**Task directions:** Beginning with the line that contains "In the MDI tab, we", copy each subsequent line of the data below through the last one, including both ends but not the pictures.

**Source data:**
:::::
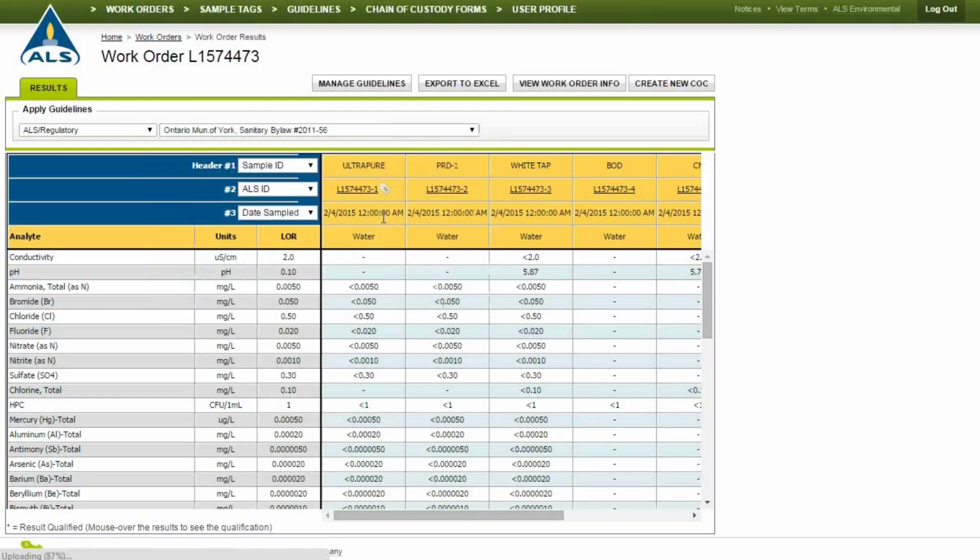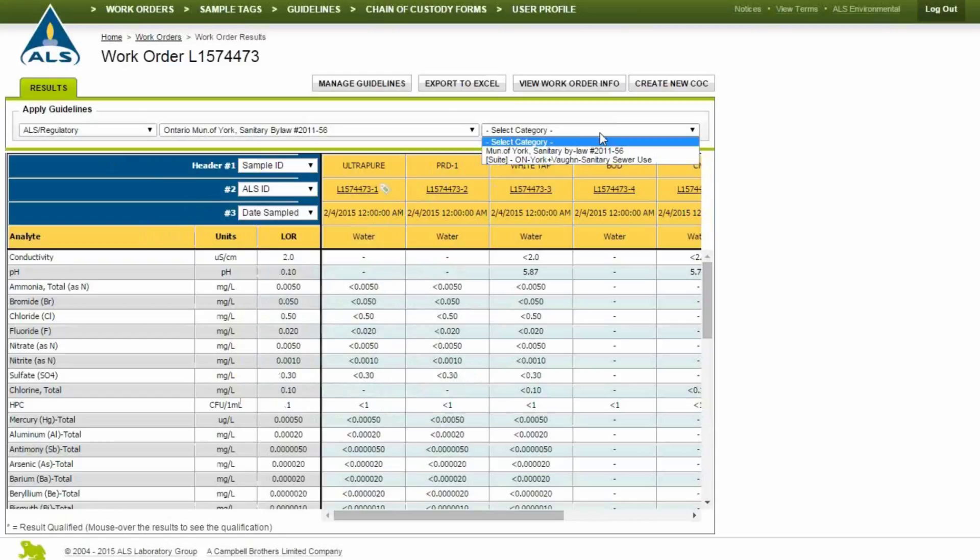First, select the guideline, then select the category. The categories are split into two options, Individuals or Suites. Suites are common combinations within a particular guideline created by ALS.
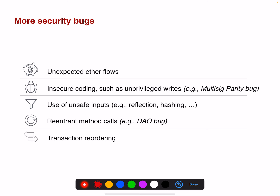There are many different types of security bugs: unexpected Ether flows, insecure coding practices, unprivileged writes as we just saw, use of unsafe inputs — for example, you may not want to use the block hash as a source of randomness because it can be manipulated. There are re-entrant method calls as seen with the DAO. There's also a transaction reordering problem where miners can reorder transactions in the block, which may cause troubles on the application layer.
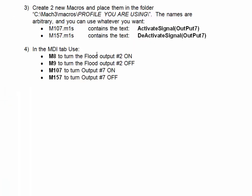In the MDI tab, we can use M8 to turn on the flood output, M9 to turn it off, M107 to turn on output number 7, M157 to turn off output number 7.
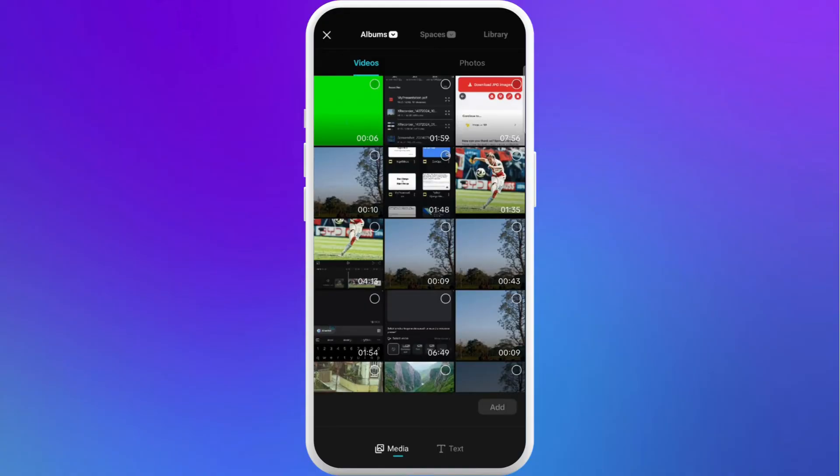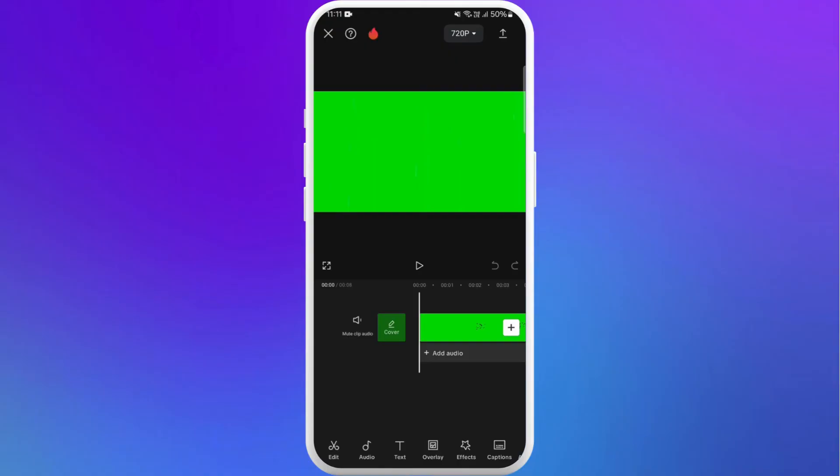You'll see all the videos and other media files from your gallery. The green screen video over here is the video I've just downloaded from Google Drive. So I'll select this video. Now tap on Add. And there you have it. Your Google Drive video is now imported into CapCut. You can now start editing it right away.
:::::
**Task response:**
In the MDI tab, we can use M8 to turn on the flood output, M9 to turn it off, M107 to turn on output number 7, M157 to turn off output number 7.
You'll see all the videos and other media files from your gallery. The green screen video over here is the video I've just downloaded from Google Drive. So I'll select this video. Now tap on Add. And there you have it. Your Google Drive video is now imported into CapCut. You can now start editing it right away.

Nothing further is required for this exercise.